(Beginning of TASK DATA)

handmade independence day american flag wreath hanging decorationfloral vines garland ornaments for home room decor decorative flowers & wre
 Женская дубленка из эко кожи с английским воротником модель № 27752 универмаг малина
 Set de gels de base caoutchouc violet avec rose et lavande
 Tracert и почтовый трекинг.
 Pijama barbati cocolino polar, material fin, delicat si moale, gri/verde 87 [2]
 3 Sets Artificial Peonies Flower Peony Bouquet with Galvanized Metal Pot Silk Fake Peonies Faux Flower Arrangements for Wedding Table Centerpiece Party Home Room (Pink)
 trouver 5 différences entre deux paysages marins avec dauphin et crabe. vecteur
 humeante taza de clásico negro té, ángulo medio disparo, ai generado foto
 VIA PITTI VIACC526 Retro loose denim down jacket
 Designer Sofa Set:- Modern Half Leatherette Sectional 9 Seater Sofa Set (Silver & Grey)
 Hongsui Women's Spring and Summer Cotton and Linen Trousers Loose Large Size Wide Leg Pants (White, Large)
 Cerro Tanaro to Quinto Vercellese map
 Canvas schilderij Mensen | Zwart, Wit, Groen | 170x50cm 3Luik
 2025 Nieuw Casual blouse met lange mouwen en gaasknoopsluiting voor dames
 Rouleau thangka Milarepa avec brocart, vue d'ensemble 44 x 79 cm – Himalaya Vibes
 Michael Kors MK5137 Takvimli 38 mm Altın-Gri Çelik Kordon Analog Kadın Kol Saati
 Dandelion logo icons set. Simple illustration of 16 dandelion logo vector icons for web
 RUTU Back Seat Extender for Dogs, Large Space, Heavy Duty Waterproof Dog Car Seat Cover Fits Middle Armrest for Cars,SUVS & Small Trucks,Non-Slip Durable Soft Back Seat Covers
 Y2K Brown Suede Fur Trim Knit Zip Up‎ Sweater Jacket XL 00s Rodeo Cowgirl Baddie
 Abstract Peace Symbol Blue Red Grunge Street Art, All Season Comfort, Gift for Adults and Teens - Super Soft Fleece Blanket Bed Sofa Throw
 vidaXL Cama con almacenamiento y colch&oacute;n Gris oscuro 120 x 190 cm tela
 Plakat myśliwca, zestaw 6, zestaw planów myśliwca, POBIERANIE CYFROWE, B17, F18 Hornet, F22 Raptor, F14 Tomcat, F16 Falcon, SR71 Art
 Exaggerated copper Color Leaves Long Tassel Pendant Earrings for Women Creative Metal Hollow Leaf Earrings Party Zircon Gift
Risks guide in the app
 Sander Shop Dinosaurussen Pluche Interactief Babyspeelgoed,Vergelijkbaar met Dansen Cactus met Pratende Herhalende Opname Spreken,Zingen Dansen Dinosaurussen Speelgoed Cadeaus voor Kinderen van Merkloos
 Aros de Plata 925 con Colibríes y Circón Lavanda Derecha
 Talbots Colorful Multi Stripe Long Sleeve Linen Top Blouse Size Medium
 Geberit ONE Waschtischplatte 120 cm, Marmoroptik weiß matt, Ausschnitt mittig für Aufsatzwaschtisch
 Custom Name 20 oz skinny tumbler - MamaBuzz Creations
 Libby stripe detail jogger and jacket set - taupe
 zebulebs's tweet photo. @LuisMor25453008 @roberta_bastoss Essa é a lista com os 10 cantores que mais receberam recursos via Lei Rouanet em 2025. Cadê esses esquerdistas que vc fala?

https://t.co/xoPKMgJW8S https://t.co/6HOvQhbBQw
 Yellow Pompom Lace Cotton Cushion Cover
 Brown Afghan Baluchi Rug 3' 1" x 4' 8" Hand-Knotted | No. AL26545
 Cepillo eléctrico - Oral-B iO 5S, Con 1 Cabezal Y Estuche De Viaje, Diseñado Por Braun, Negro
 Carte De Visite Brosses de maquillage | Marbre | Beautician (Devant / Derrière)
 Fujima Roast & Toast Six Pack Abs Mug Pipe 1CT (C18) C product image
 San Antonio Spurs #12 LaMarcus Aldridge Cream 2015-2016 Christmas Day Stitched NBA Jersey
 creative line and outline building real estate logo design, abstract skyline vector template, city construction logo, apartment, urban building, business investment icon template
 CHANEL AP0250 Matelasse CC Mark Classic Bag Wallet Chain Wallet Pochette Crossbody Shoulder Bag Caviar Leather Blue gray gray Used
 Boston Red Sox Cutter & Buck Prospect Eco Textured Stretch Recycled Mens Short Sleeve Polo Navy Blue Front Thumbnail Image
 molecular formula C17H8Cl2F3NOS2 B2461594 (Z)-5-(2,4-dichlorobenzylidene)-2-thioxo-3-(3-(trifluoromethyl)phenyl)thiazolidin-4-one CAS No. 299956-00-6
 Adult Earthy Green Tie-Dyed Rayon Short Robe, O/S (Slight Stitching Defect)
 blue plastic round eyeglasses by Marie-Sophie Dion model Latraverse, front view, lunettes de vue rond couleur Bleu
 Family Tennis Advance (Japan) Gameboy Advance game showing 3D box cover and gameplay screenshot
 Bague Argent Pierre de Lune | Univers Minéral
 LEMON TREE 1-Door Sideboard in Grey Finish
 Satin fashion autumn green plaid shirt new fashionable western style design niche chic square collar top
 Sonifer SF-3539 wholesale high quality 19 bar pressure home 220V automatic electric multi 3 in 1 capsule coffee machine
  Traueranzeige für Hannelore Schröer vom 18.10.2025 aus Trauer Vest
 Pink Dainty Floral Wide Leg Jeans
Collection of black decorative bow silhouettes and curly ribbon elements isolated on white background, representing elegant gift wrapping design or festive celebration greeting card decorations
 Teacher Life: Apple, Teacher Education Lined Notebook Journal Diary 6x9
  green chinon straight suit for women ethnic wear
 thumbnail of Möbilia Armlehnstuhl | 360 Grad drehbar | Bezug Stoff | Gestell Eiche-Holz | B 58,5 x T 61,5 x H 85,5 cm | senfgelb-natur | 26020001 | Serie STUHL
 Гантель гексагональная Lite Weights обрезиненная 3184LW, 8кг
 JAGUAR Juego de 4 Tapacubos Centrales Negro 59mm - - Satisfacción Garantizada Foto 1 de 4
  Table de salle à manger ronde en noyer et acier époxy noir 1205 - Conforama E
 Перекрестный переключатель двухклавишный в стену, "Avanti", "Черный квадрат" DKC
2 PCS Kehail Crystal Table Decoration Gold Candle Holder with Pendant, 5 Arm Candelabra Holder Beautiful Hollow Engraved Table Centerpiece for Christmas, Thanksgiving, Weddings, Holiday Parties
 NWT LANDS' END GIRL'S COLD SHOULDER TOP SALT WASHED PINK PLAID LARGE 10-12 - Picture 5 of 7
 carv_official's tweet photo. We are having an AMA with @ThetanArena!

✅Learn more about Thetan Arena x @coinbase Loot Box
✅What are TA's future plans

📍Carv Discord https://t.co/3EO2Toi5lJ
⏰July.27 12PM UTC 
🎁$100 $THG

(End of TASK DATA)

▸ WORK TO BE COMPLETED: Scan the entries for lines holding the string "Grey", then copy every one of them.

▸ ANSWER FOR THE TASK:
 Designer Sofa Set:- Modern Half Leatherette Sectional 9 Seater Sofa Set (Silver & Grey)
 LEMON TREE 1-Door Sideboard in Grey Finish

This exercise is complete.